Do we have to cite the exam itself?
No.
How do I generate a random six digit number?
(random 1000000). If you end up with a number less than six digits, add zeros to the left side of the number until you have six digits.
Some of the problems are based on a recent homework assignment. Should I cite my work on that assignment?
If you refer to your work on that assignment, you should cite it.
How do I cite my work on an assignment?
Something like “Student 123456 and partner. Homework Assignment 3. CSC 151.01. 6 September 2018.”
I see the comment ; STUB on some of the procedures. What does that mean?
We use the term “STUB” for a procedure that gives some default value rather than the correct one. Stub procedures are useful when you need the procedure to exist during development, but have not yet had time to implement it. You should remove these comments as you replace stub procedures with real implementations.
How exhaustive do our postconditions need to be when writing 6P-style documentation?
Your postconditions are not a test suite, but they should capture all of the procedure’s behavior. You do not need to give specific input/output examples, but describe what is true about the output as much as you can in a few concise lines.
Are there any requirements for informal tests?
Sort of. They should be good tests, though they need not be exhaustive. Your informal tests only count if they are different from the examples on the exam.
Do we need to show examples of running our helper procedures?
No, but you should be checking them carefully.
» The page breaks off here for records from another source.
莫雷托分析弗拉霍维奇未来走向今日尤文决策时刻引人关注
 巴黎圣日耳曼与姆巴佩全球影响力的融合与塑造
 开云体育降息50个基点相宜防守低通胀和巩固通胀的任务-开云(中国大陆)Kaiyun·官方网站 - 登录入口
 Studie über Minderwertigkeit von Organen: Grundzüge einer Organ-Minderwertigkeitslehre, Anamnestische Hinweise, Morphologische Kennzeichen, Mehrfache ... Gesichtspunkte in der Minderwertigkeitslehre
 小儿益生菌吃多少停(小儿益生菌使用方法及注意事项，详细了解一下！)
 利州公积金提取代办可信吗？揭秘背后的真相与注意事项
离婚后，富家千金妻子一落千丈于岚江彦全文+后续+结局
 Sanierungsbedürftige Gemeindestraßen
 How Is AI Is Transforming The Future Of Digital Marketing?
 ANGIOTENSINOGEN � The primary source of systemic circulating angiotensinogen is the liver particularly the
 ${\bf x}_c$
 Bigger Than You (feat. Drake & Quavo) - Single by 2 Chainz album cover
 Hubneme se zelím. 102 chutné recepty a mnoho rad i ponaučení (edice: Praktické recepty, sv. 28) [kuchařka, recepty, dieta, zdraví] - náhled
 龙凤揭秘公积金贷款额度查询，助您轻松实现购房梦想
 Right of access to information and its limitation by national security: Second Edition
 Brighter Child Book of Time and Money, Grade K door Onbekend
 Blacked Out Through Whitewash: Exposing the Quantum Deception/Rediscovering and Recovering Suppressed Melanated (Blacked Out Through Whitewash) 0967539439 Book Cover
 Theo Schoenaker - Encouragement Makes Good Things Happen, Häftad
You don’t need to include these examples in your exam.

Errata

Please check back periodically in case we find any new issues.

Problem 2

  • The starter code included a documentation block, but had filled in median3 as the procedure instead of select-columns. [+1 point]

Problem 4

  • The description of the dataset was missing the word “by”. [+1/2 point]
  • The word “number” was misspelled as “numer”. [+1/2 point]
  • The word “output” was misspelled as “ouptut”. [+1/2 point]
  • The word “heterogeneous” was misspelled as “heterogenous”. [+1/2 point]

Citations

Some of the problems on this exam are based on—and at times copied from—problems on previous exams for the course. Those exams were written by Charlie Curtsinger, Janet Davis, Rhys Price Jones, Titus Klinge, Samuel A. Rebelsky, John David Stone, Henry Walker, and Jerod Weinman. Many were written collaboratively, or were themselves based upon prior examinations, so precise credit is difficult, if not impossible.

Some problems on this exam were inspired by conversations with our students and by correct and incorrect student solutions on a variety of problems. We thank our students for that inspiration. Usually, a combination of questions or discussions inspired a problem, so it is difficult and inappropriate to credit individual students.